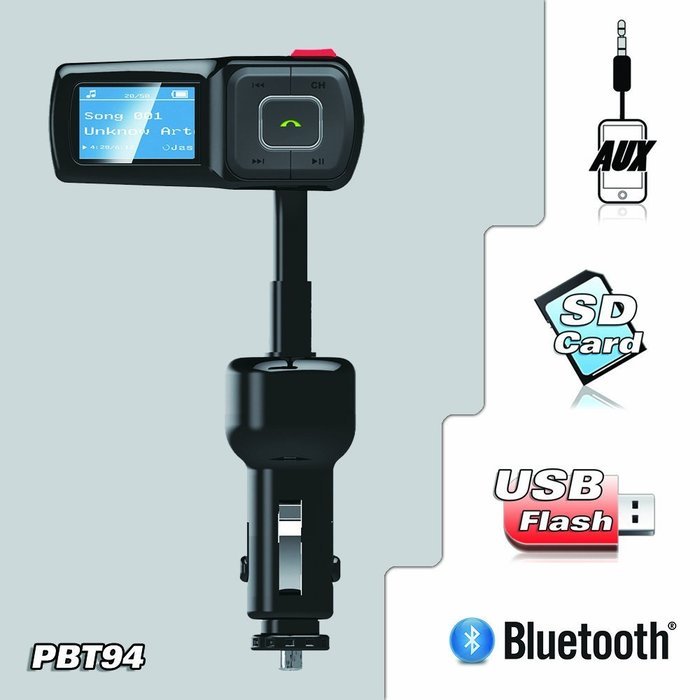 Pyle PBT94 Bluetooth Hands Free FM Radio Transmitter with USB Flash, Micro SD Card Readers, USB Charging Port... N2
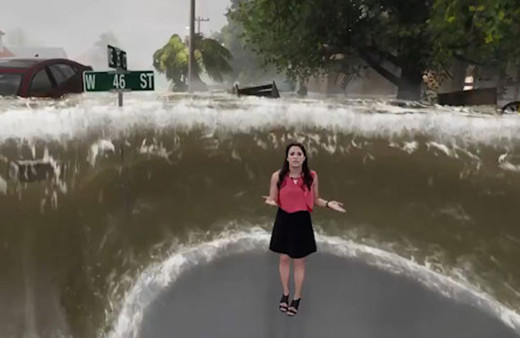 Korkunç! Florence Kasırgası'nı canlı yayında böyle canlandırdılar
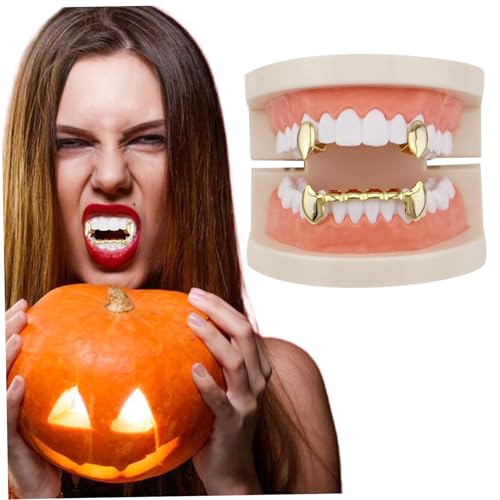 Grtheenumb Vampirzähne 1Set Golden Glossy Plated Hip Hop Fangs für Cosplay -obere Bodenzähne für Männer und Frauen Vampirzubehör für Halloween Kostüm Cosplay Vampire Zähne von Grtheenumb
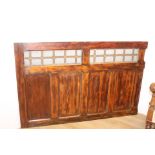 Mahogany bar divider with stain glass panel { 104cm H X 158cm W X 4cm D }.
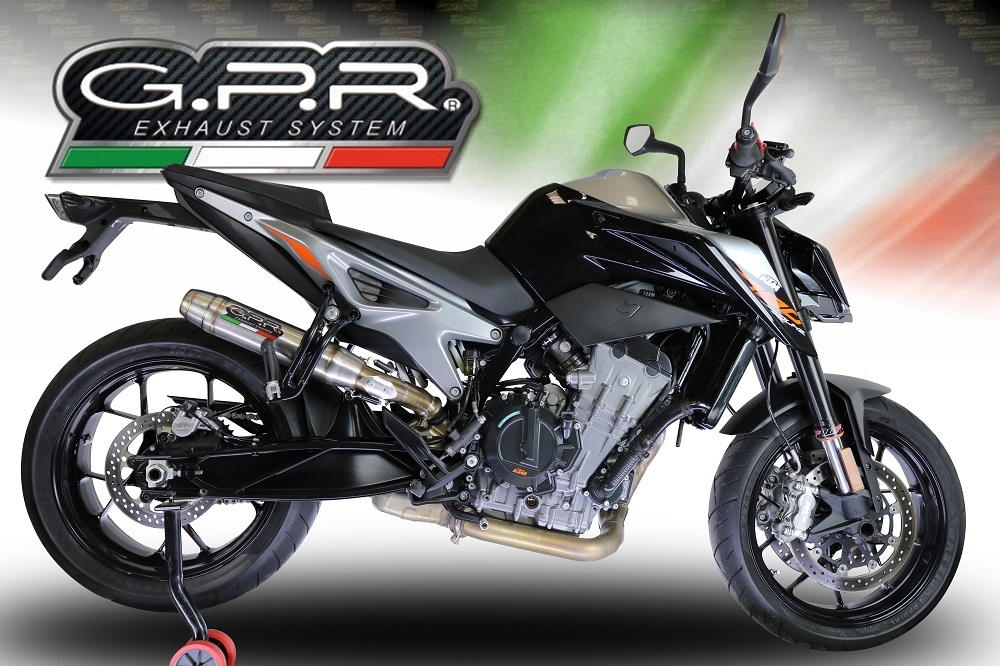 Escape compatible con Ktm Duke 790 2017-2020, Deeptone Inox, Escape racing, silenciador con tubo de conexion, articulo sin homologacion 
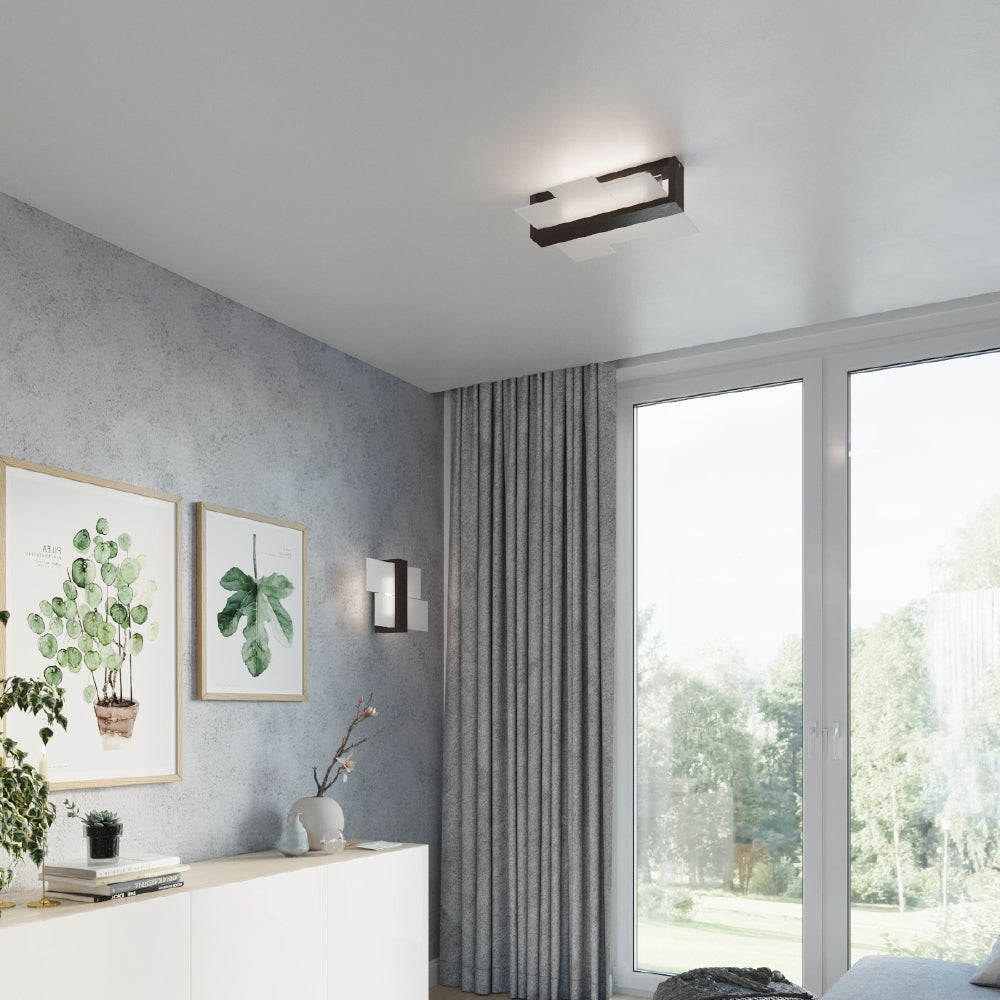 Plafondlamp Feniks Sollux wenge LxBxH 50x20x20 Hout, Glas Nnb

====================

● **PROBLEM DESCRIPTION**: Starting at the line that contains "Mahogany bar divider", please write out each line through the last line of the data, both ends included, and keep pictures out of the copy.

● **SOLUTION BELOW**:
 Mahogany bar divider with stain glass panel { 104cm H X 158cm W X 4cm D }.
 Escape compatible con Ktm Duke 790 2017-2020, Deeptone Inox, Escape racing, silenciador con tubo de conexion, articulo sin homologacion 
 Plafondlamp Feniks Sollux wenge LxBxH 50x20x20 Hout, Glas Nnb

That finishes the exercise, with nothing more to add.